A Visit To Alfresco Pasta

July 8, 2010

The other day I had a pasta epiphany when I came home from the farmers market with a bag of Gorgonzola Walnut Agnolotti from Alfresco Pasta. It took a mere 4 minutes to cook at a gentle simmer, I drizzled a little butter and salt on top, served it with a salad and with the first bite, felt like I was eating at a gourmet restaurant in the privacy of my own home. It was so incredibly delicious. Rich creamy cheese, spinach flecked dough, all of the flavors subtle yet right up front. I could truly taste exactly what the package said I should be able to taste.

Chris Grissom is the mastermind behind all of the incredible sauces and ravioli fillings at Alfresco Pasta, the business he started about 10 years ago. It is a small company with a half dozen employees, including himself. But although they’re small, they pump out a lot of pasta. During the slower summer months they average about two to three thousand pounds a week and about ten thousand pounds when at peak capacity.

Until last year his company was strictly wholesale, supplying pasta to restaurants and hotels all across the southeast, with over 40 restaurants alone in the Nashville area. He has briefly dabbled in the retail side of things but found it too frustrating since “the retail guys are more concerned about shelf life even though the product doesn’t taste as good.” Let me explain. Alfresco Pasta flash freezes their products rather than pasteurizes them, a process that better retains the flavor and freshness. It’s one of the big differences you’re tasting when you make pasta at home versus what you get at a restaurant. But it is expensive to flash freeze since the product then has to stay frozen all the way from the truck it’s shipped on, to storage at the grocery store, and then it has to stay in the customers freezer until it is ready to be cooked. It is not a money maker if you look at it from the retail side of things. Which is why Chris sticks with chefs because “chefs want the highest quality and they’re willing to pay for it.”

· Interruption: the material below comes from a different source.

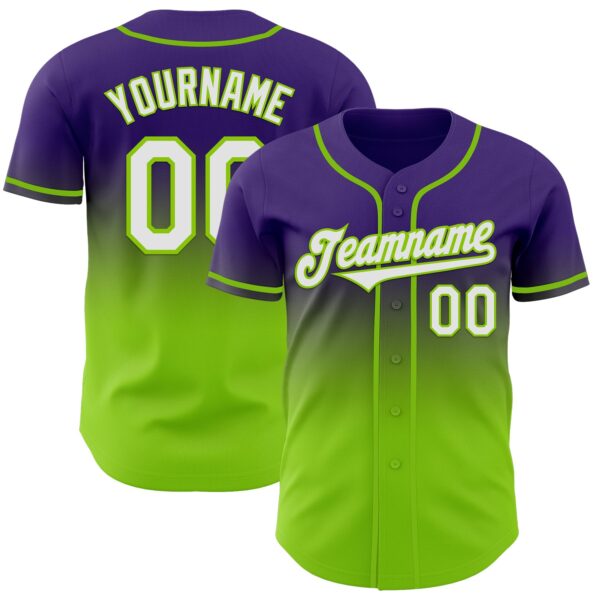 Custom Purple White-Neon Green Authentic Fade Fashion Baseball Jersey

I mentioned to him that every time I make pasta at home it never seems to taste even remotely like what I can get in a restaurant. And for someone who loves to cook, that just doesn’t seem fair. “The regular consumer has been duped by the retail market for years and they don’t have any idea,” he tells me. For instance, there is a tomato company based out of Southern California that makes the “best canned tomatoes of anywhere in the world” (and he’s not exaggerating, just try the marinara sauce and you’ll see). “They don’t make anything from concentrate, they pick ripe tomatoes and process them very minimally. They’re so good but you can’t buy them in any retail store because there’s no market for it. They make more selling to restaurants and chefs than they do selling to the retail guys. So the consumers don’t even get the good stuff like that, and that’s unfortunate. And it’s like that across the board with a lot of stuff.” But he says it’s starting to change with companies like Whole Foods that are educating people. And as is always the case, knowledge is power.

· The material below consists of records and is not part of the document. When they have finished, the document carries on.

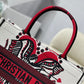 DI Medium Book Tote Latte Multicolor Cupidon Embroidery, Red/White, For Women Women’s Handbags, 41cm CD M1296ZTQG_M941
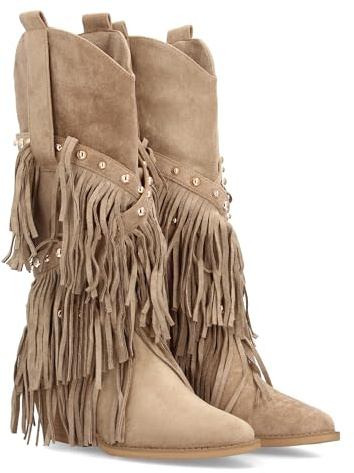 97780 Bota de Estilo Western con Cana Alta Decorada con Flecos en Cascada y Tachuelas metalicas, Punta Fina y Tacon Cubano. Ideal para Mujer en Temporada de Otono Invierno Kaki Talla 36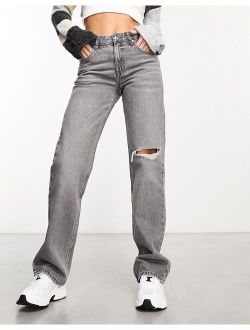 straight leg jean with rip in gray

Last year Chris’s friend mentioned that he should try selling at the farmers market. So he did and now, because of that simple recommendation, we consumers finally have access to the best. Chris and his buddy Skip, along with a few other helpers, now do four farmers markets a week. The East and West Nashville markets along with one in Murfreesboro and Franklin. And unless you’re eating at one of the restaurants that is serving his pasta, the only way you can get it is if you buy it at one of those markets. Even better, Chris uses them to try out new creative ideas, one of his favorite parts of the job. “With the market we can come up with a lot more products because we know that we can sell them really easily and we can make small batches.” Products such as dessert ravioli. Like the Honey, Orange Zest, Ricotta ravioli I tasted that will be at the market next week, maybe even this weekend. And let me tell you, it tastes as good as it sounds. Boil it up, serve it with a scoop of ice cream and you’ve got yourself dessert.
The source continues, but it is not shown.